(Beginning of RECORDS FOR THE EXERCISE)

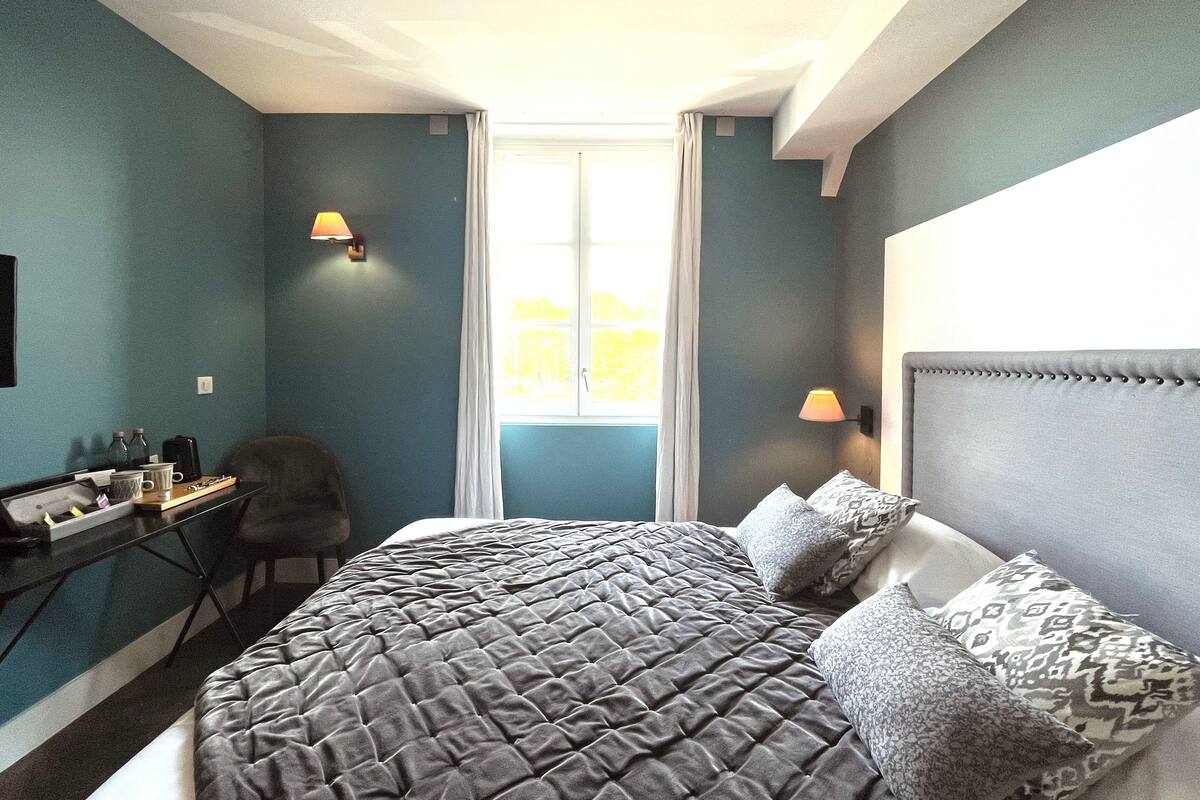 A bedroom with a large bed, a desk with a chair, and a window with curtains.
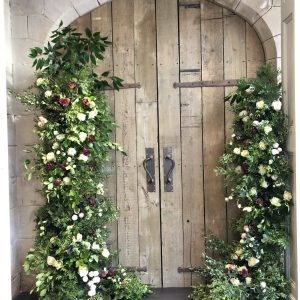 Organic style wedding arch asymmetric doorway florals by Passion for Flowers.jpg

(End of RECORDS FOR THE EXERCISE)
(Beginning of RECORDS FOR THE EXERCISE)

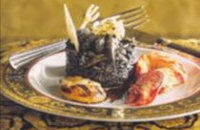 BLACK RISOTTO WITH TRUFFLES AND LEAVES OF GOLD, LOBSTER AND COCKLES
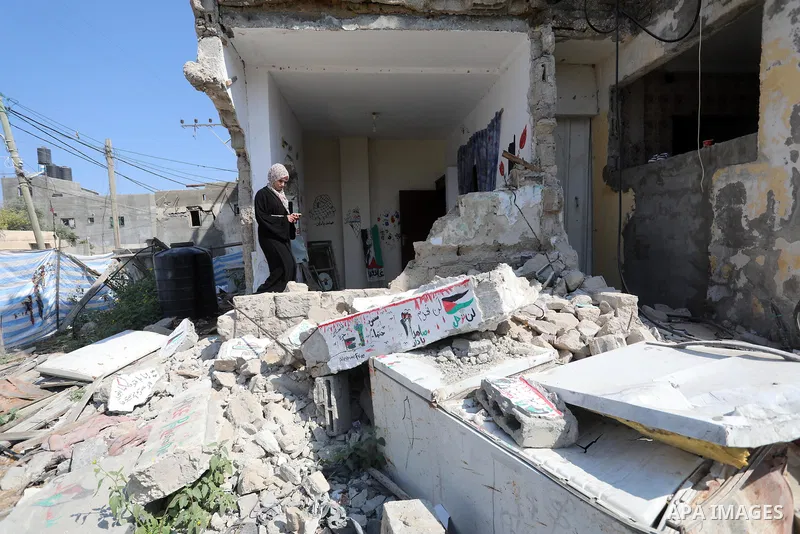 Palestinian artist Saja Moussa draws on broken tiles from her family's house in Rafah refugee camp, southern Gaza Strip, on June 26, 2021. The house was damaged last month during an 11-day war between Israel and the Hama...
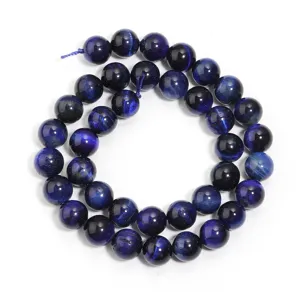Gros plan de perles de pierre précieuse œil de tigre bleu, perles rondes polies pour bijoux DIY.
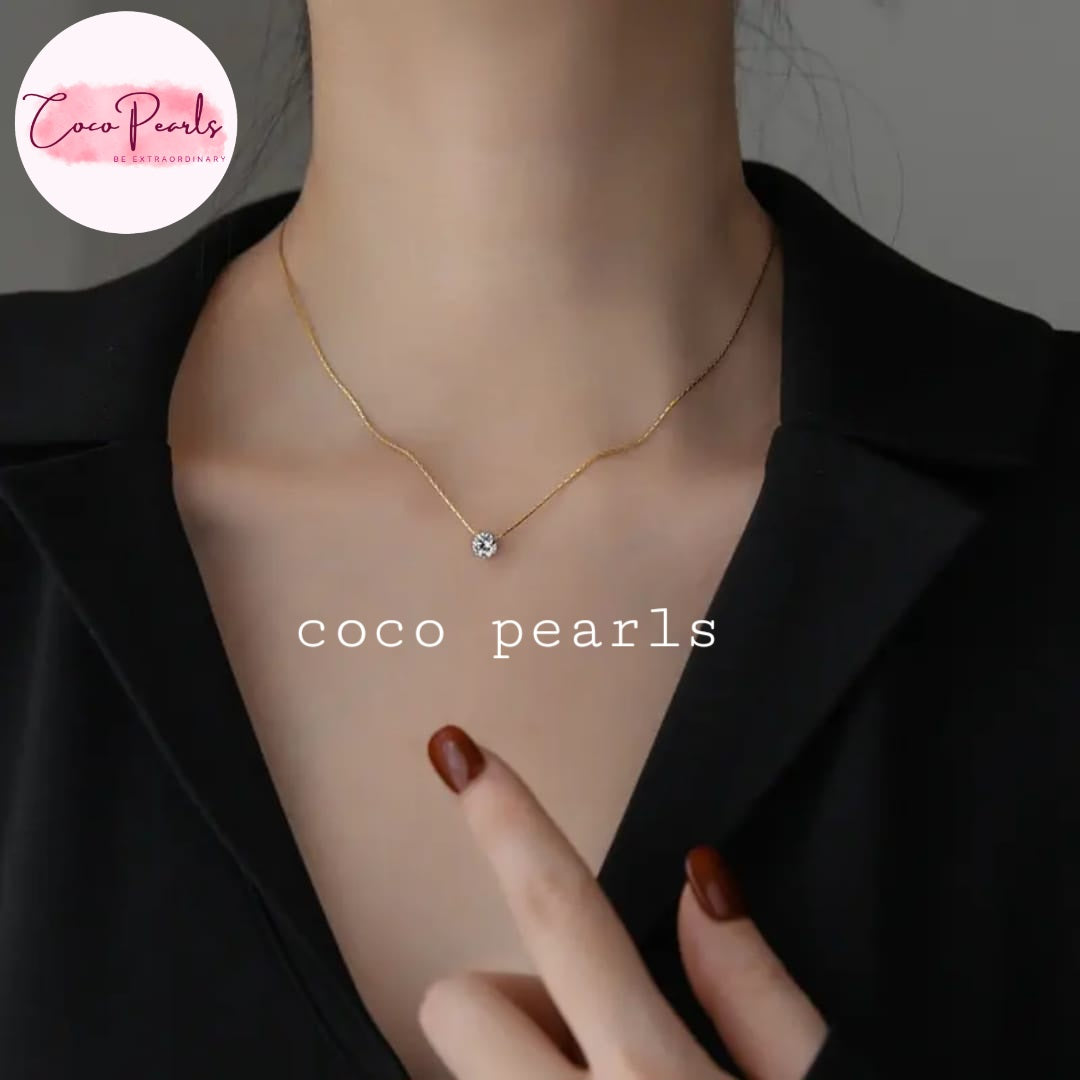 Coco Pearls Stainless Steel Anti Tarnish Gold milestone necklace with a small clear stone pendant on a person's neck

(End of RECORDS FOR THE EXERCISE)
(Beginning of RECORDS FOR THE EXERCISE)

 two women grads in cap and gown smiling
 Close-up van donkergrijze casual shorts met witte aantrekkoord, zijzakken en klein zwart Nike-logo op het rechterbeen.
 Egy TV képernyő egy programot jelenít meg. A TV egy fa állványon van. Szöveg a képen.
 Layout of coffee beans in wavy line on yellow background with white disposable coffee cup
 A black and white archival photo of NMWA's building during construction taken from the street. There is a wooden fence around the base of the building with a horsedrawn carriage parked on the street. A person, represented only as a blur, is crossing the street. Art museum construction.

(End of RECORDS FOR THE EXERCISE)

__WHAT YOU SHOULD DO__. List all lines in the material containing the string "white".

__RESULT OF THE TASK__.
 Layout of coffee beans in wavy line on yellow background with white disposable coffee cup
 A black and white archival photo of NMWA's building during construction taken from the street. There is a wooden fence around the base of the building with a horsedrawn carriage parked on the street. A person, represented only as a blur, is crossing the street. Art museum construction.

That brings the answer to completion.